Another young man is facing prison time for sexual misconduct involving some mentally challenged residents of a nursing home. It is right that he face the legal consequences of his choices, but some of the readers' comments on the local news blog go far beyond justice, and beyond the known public facts of the case. It is not a good omen for society when the public is ready to jump to conclusions when not all the facts of a case are publicly known. Why is it not possible to choose to suspend personal judgement on such cases? And by the way, I'm speaking of the same kind of suspension of personal judgement that many of us avoided when we jumped to conclusions about O. J. Simpson's murder trial a number of years ago. Guilt or innocence is not determined by a news poll and neither is such a news poll real "news".

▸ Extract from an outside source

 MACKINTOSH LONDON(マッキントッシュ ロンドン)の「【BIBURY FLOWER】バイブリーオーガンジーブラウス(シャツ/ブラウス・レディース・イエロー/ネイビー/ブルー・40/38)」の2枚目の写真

For the last sixty years the world has avoided a major war; a war of such magnitude that it would rank as World War III. Given the proliferation of nuclear technology in places like North Korea and Iran, one wonders how long such a war can be avoided. With the debate over the American use of atomic bombs on Japan in World War II, one thing gets overlooked. If the US had not dropped those bombs, the world would not have been so vividly aware that we now had the power to destroy ourselves. I am pessimistic and not just because of any particular view of eschatology. I personally think there is a very good probability and it is just a matter of time when we will again see the mushroom cloud unleashed over some city some place on this earth. I sincerely hope I am wrong, and would love to be proven wrong.
My daughter and I watched Easy Rider a few nights ago; Peter Fonda and Dennis Hopper riding into oblivion on their choppers. It reminded me of Hemingway's The Sun Also Rises; a lost generation wandering aimlessly through life without purpose or any real hope except the next high.
The apex of that anomie comes in the scenes in the cemetery when Wyatt and Bill, in the company a couple of prostitutes, are tripping out on acid. In the background of the hallucination scenes we hear recitations of the Apostles Creed and other liturgical recitations. Amidst all of that, in one scene Wyatt holds his fist to the sky, a post-modern Nimrod asserting his freedom from all but self. Then when it's all over and Wyatt and Bill are on the road again, Wyatt tells Bill, "We blew it!"
The ending with the "rednecks" in the pickup truck is tragic and you are not sure who is more tragic, Wyatt and Bill, or the redneck murderers whose miss-placed "purpose" is just as morally empty as Wyatt and Bill's purposelessness. Easy Rider is considered a landmark movie, and insofar as it portrayed the popular cultural angst of the late 1960's and early 1970's, it indeed is.